When I looked it up later, Vog’waz means something so incredibly fowl that I dare not speak of it or write it in official records. Think of the most disgusting aspects of human birth and then imagine that for Drezians, but then left out in the humid air to rot. It was a shock to me that she’d call him such a thing in front of prominent guests. Even though I didn’t understand the insult at the time, I could tell that Grez’a was absolutely devastated by his mother’s sharp tongue. His pupils contracted to the point they appeared as little slits, the width of paper cuts, in his yellow-green eyes. They widened again as he looked at me.
“Hun’drez! Taking my seat… again? No no no. Please, get out of there! I’m here now after all. Right, mother? This is…”
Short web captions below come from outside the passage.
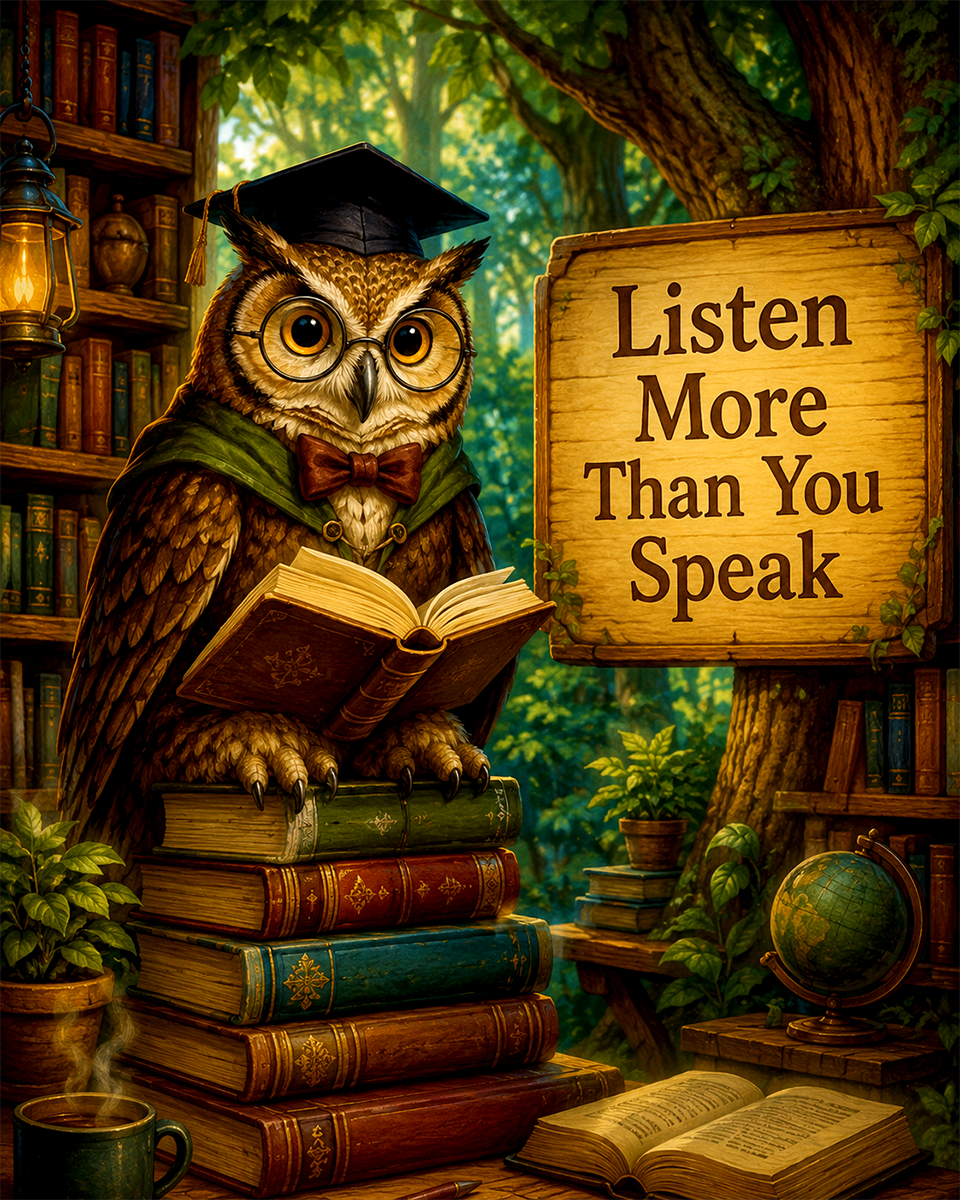 Wise Owl Wall Art Matted Art Print - Inspirational Woodland Animal Decor with Motivational Quote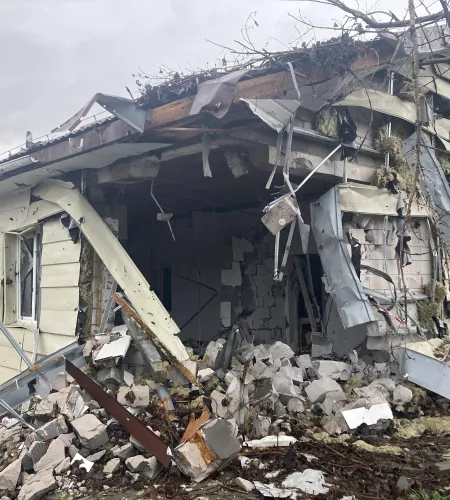 Kapotgeschoten gebouwen in Oekraïne
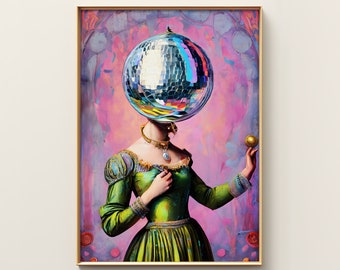 Viktorianische Dame veränderte antike Porträtkunst | Vintage Kunst | Antike Dame Gemälde | Antikes Barock Ölgemälde | Moderne Wandkunst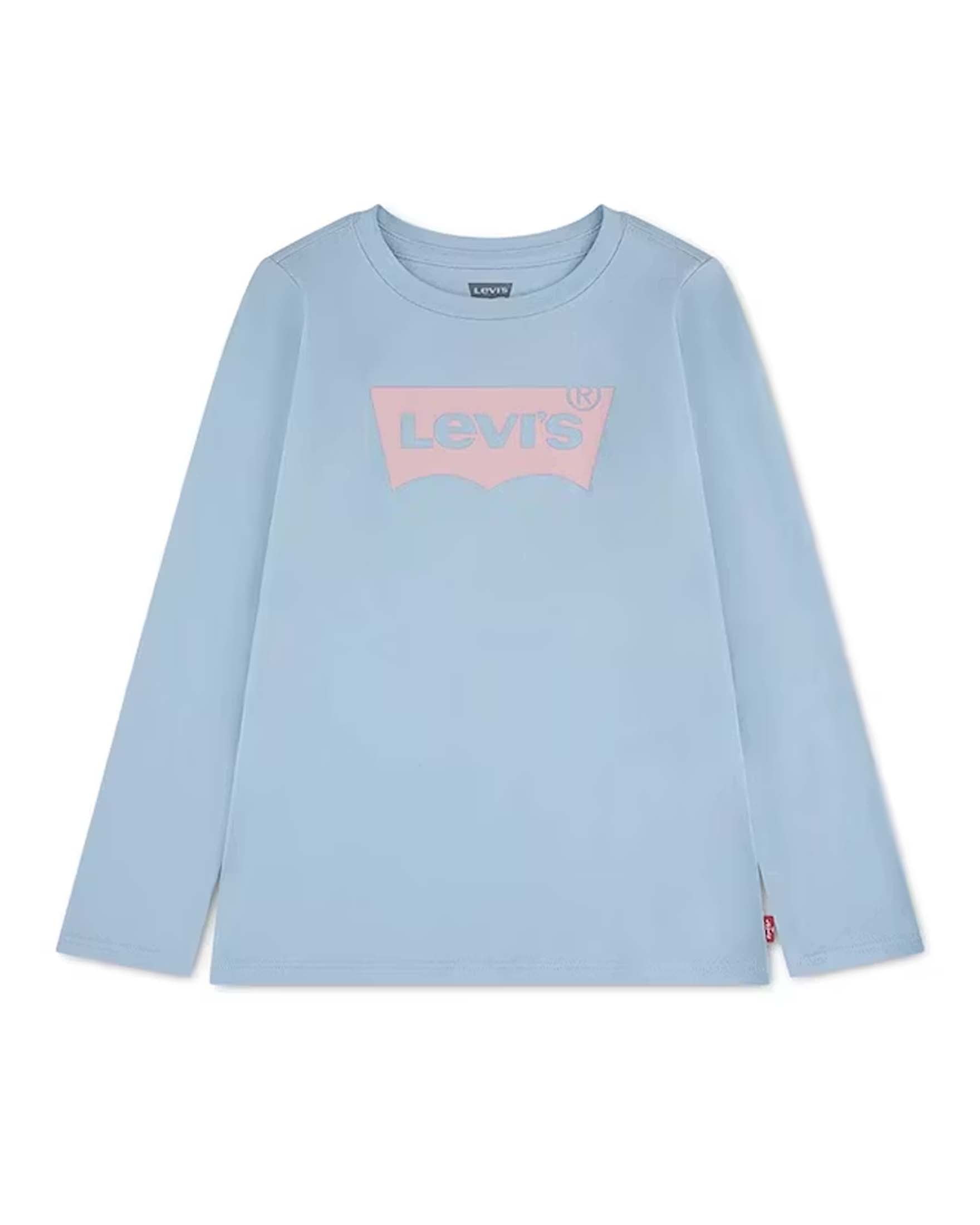 T-shirt Levi's azzurra a maniche lunghe con logo batwing rosa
“The Ambassador’s seat now. You can sit over here,” she said, motioning to the left. Humiliated, the Emperor took this lesser place of honor. “Minister Anu’ra. Make sure that we have more shots of the platform.”
Her command made me realize that there were dozens of floating glassy orbs across from us over the parade route. Doubtlessly, they had been broadcasting coverage of the platform that whole time. I glanced past the massive body of the Broodmother to see poor Grez’a wanting to sink into his seat. Even though I didn’t fully understand Drezian formal attire, I could also tell that his various insignia were all slightly askew. I knew that Hunley had been very good friends with Grez’a and my heart broke at the fact he would have to take one more emotional blow at some point when he found out that she was dead. I could only imagine it. Drezians all have very pliable emotive faces, so I would have to see the full brunt of it.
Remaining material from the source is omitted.